Pictures with short captions:
####
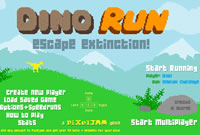 Jogo do Dinosauro Rei: Dino Run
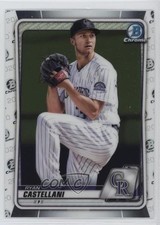 2020 Bowman Chrome Prospects Ryan Castellani #BCP-182 0b3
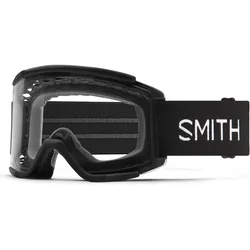 Smith, Herren, Sportbrille, Squad XL (Black, Clear), Schwarz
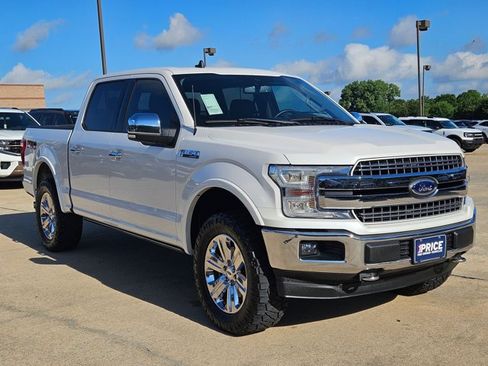 Used 2019 Ford F150 Lariat w/ Equipment Group 502A Luxury AWD/4WD image 3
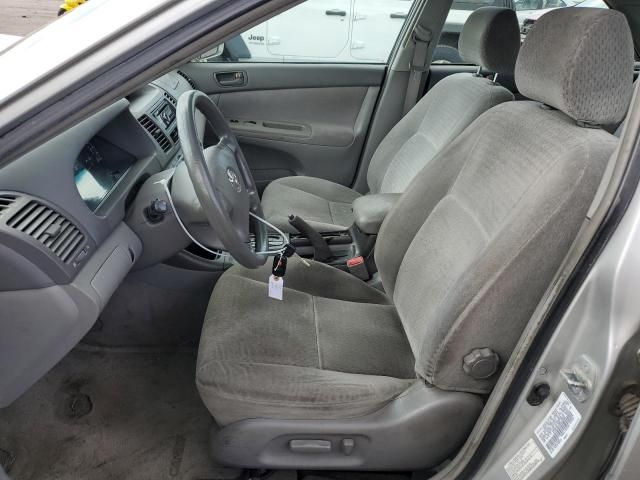 2002 Toyota Camry LE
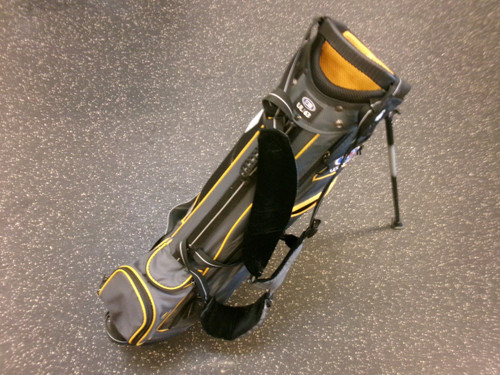 Vist Large View of Product Image Which is Used US Kids Mens Stand Bag Grey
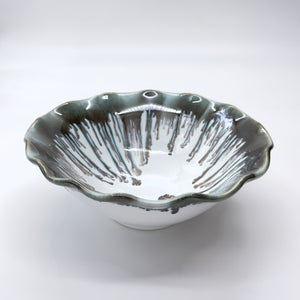 Wave Bowl Pottery by Edgecomb Potters
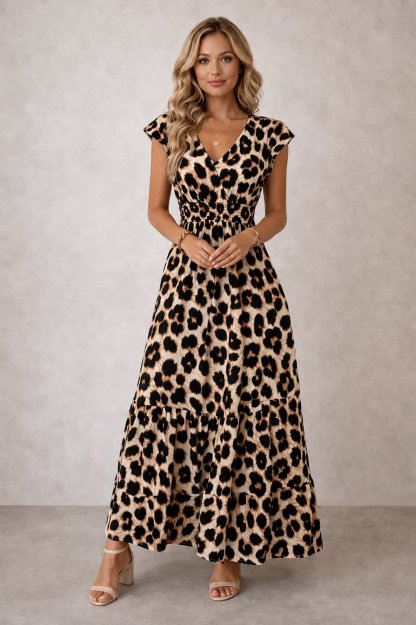 Flowy Boho Maxi Dress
####
*Problem statement:* In the copy, leave out all pictures, and retype exactly each line from the one with "Vist Large View" through the last line of the entries.

*Exercise result:*
 Vist Large View of Product Image Which is Used US Kids Mens Stand Bag Grey
 Wave Bowl Pottery by Edgecomb Potters
 Flowy Boho Maxi Dress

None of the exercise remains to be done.